▶ [WHAT THE TASK ASKS] Transcribe the data that follows without changing a word, and omit the pictures.

── DATA SEGMENT

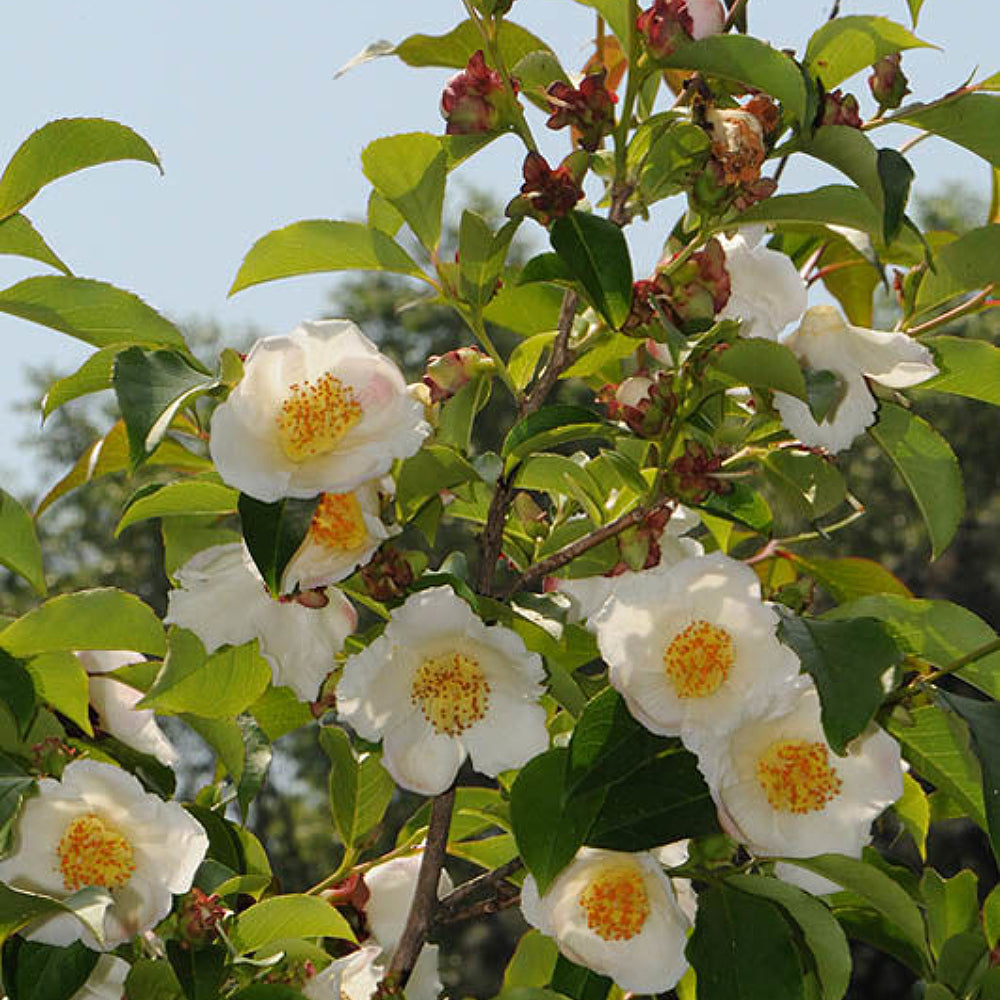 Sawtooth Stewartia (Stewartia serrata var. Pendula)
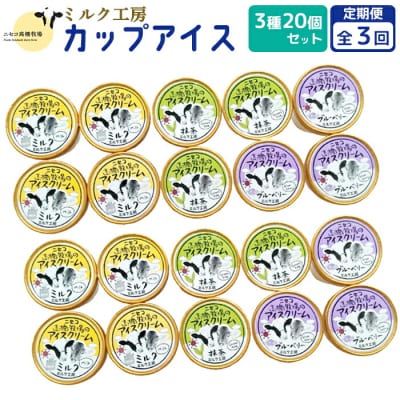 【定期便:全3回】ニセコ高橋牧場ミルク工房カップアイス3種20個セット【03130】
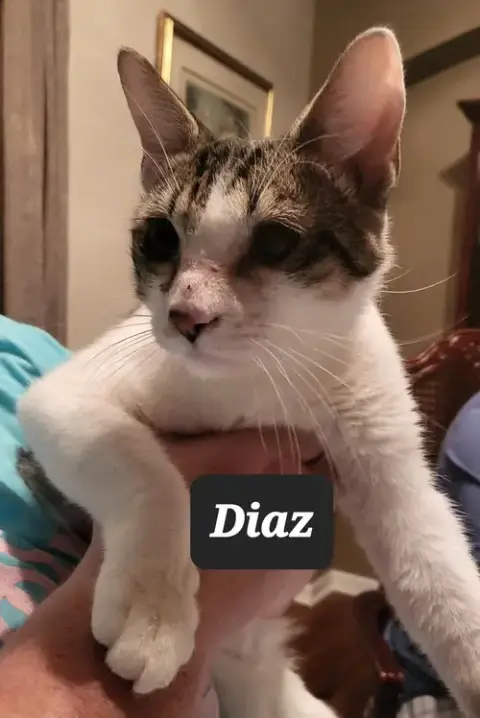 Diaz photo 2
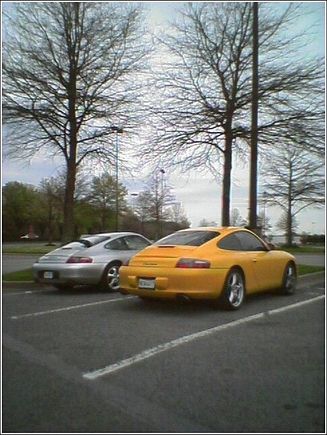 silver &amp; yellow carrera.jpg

────

▶ [TASK RESPONSE]
 Sawtooth Stewartia (Stewartia serrata var. Pendula)
 【定期便:全3回】ニセコ高橋牧場ミルク工房カップアイス3種20個セット【03130】
 Diaz photo 2
 silver &amp; yellow carrera.jpg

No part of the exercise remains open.